Concordo com linguistas que consideram a mensagem de texto uma forma de
escrita. As frases curtas teriam muito mais erros gramaticais, não fossem os
autocorretores. Mas há uma diferença no fluxo de diálogo escrito entre pessoas
que têm passado analógico, de presença física, e a troca entre quase estranhos.
Noto que a mensagem de texto virou um território de falsa intimidade.
Como sou frequentadora recente do Facebook, não sabia o quanto as pessoas usam
a mensagem direta do website para se dirigir a estranhos. Do momento em que
aceito ser "amiga" de alguém, posso ser destinatária de mensagens
informais que vão do "visite minha página," até a extraordinária
desfaçatez de um sujeito que lançou uma revista digital e me escreveu uma
mensagem sucinta pedindo um texto e dando logo o prazo. Pequeno detalhe: ele
estava me recrutando para escrever de graça.
A falta de contato humano foi usada como tema de campanha publicitária
de um grande banco americano. Aos clientes, cansados de interagir com zombies
digitais, prometiam um serviço com funcionários de carne e osso.
Como uma expatriada com família em três continentes, sou usuária
intensa da mensagem de texto. Mas não suporto grupos do WhatsApp porque pouco
tenho a dizer para vinte pessoas ao mesmo tempo.
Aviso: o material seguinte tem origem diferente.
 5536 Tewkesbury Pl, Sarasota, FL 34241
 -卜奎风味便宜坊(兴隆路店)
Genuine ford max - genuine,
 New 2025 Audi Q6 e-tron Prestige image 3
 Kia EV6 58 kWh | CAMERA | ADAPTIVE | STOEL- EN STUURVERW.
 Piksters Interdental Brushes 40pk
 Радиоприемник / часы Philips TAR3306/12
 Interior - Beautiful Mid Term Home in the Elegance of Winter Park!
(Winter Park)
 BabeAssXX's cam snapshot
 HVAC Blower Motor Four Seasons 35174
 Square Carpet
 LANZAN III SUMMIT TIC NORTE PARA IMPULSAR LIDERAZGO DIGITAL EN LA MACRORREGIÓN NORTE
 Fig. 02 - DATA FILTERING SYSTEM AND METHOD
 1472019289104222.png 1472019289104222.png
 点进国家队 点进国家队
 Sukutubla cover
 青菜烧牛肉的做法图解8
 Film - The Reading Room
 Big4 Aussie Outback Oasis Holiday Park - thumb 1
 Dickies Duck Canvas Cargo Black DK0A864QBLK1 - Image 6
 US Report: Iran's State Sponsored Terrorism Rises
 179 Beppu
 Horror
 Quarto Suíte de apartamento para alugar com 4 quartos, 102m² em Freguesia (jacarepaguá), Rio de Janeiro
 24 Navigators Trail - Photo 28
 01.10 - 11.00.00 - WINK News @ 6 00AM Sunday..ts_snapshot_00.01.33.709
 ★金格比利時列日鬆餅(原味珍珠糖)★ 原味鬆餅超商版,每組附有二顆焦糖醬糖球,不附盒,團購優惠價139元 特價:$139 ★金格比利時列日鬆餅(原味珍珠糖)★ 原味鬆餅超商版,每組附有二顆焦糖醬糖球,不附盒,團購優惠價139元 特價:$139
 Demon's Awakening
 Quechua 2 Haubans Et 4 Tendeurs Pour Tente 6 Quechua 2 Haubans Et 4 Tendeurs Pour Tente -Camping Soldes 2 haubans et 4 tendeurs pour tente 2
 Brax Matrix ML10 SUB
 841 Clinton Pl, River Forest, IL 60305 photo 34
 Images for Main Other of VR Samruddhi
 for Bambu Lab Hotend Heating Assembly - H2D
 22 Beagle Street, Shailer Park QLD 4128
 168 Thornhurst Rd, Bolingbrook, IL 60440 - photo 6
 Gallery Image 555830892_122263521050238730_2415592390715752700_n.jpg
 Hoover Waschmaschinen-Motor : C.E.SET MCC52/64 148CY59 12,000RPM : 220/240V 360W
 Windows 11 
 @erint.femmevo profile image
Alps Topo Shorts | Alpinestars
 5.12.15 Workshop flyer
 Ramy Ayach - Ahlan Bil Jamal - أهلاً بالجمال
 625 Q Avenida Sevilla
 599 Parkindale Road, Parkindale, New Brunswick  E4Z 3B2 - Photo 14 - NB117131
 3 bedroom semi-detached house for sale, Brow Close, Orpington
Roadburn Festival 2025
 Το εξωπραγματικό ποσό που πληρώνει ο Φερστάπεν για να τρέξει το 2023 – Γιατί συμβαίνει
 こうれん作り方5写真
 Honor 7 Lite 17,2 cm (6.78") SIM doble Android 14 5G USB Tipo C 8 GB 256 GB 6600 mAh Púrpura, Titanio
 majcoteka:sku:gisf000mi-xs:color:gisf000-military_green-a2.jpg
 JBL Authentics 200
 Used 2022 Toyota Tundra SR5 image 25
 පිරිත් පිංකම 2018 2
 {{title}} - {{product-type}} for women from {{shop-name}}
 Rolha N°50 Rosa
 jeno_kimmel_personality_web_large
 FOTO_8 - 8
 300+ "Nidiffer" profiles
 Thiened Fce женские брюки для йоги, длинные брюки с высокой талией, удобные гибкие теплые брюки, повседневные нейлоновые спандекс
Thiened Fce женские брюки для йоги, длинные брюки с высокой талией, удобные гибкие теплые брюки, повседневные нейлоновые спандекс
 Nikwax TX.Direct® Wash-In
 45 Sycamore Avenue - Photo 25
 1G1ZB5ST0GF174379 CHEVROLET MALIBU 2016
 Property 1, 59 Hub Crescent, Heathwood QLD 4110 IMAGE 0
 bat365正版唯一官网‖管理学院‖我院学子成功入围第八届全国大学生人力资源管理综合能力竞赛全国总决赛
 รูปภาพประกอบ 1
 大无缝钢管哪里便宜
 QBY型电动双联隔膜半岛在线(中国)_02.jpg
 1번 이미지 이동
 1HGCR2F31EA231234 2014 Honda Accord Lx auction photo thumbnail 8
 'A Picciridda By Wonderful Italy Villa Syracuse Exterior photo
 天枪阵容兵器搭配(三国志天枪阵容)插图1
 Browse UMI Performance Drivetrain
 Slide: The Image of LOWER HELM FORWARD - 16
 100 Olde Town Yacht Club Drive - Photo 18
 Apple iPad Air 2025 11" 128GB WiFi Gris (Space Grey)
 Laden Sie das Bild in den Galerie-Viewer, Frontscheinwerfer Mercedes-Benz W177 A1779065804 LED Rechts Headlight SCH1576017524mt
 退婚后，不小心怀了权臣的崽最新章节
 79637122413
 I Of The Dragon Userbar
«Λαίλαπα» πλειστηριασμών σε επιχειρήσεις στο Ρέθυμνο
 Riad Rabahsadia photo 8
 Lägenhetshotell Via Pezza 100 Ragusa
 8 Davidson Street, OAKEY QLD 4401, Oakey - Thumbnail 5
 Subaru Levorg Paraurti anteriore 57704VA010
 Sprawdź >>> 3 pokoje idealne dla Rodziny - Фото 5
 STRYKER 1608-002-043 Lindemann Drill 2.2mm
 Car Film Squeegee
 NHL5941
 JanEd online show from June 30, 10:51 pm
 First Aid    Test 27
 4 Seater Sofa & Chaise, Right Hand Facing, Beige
Sei que falo de um mal-estar da minha geração. Continuo a não abrir mão
da voz, sabedora de que posso me esconder atrás do texto. Sei que uma geração
verborrágica em caracteres e lacônica em pessoa não sente falta do diálogo
vocal. Mas não sentir a ausência não é o mesmo que saber o que está sendo perdido.
*************
"Percebi que o diálogo teria sido muito mais loquaz via SMS.", diz Lúcia Guimarães me fazendo lembrar do
seguinte trecho da postagem intitulada Homem-máquina publicada em 30 de
março de 2011.
"Comecei a pensar seriamente sobre isso no dia em que encontrei pessoalmente um grande amigo que conversava toda noite comigo pelo Messenger, foi tão estranho... Na época e pelo tipo de conversa que tínhamos, eu poderia dizer que ele era meu melhor amigo, e de repente nos vimos ali, completamente sem graça, sem saber sobre o que falar, então eu dei o primeiro passo e perguntei se ele estava melhor. Ele riu e falou:
- Te respondo mais tarde no MSN."
Imaginar que um
verdadeiro diálogo pode fluir melhor via SMS, MSN ou qualquer outro trio de
letras do que por voz - ao vivo ou via telefone -, eis algo que creio jamais
passará pela minha cabeça. Até porque, como defendo em uma postagem publicada
em 31 de maio de 2011, conversar é uma necessidade humana.
"Sei que uma
geração verborrágica em caracteres e lacônica em pessoa não sente falta do
diálogo vocal. Mas não sentir a ausência não é o mesmo que saber o que está
sendo perdido.", diz Lúcia Guimarães.
Sim, não sentir a
ausência não é o mesmo que saber o que está sendo perdido. Mas será que algum dia
os integrantes da geração que não sente a ausência do diálogo vocal conseguirão
saber o que está sendo perdido? Será que existe alguma condição que uma vez
atingida os fará saberem o que está sendo perdido? Para responder tais indagações,
apenas com o que é dito no texto de Lúcia Guimarães, recorro ao trecho apresentado
abaixo.
"A falta de contato humano foi usada como tema de campanha publicitária de um grande banco americano. Aos clientes, cansados de interagir com zombies digitais, prometiam um serviço com funcionários de carne e osso."
"Cansar-se de interagir com zombies digitais e sentir falta de
contato humano"! Será essa a condição que, uma vez atingida, fará com que
os integrantes da "geração que não sente a ausência do diálogo vocal"
percebam "o que está sendo perdido"? Será que no dia em que tal condição
for atingida eles conseguirão recuperar a voz? Será que ao recuperá-la eles
partirão para interações com indivíduos "de carne e osso"?
E ao encadear os três "Será"s apresentados no parágrafo
acima, o método das recordações sucessivas traz à minha mente uma belíssima
canção da banda Legião Urbana. Uma canção da qual extraí três "Será"s
a serem aplicados às indagações feitas no parágrafo anterior.
"Será só imaginação? Será que nada vai
acontecer? Será que é tudo isso em vão?
Três "Será"s que - se respondidos de forma afirmativa
– levam-me a mais um trecho da referida canção. O trecho? "Nos perderemos
entre monstros da nossa própria criação."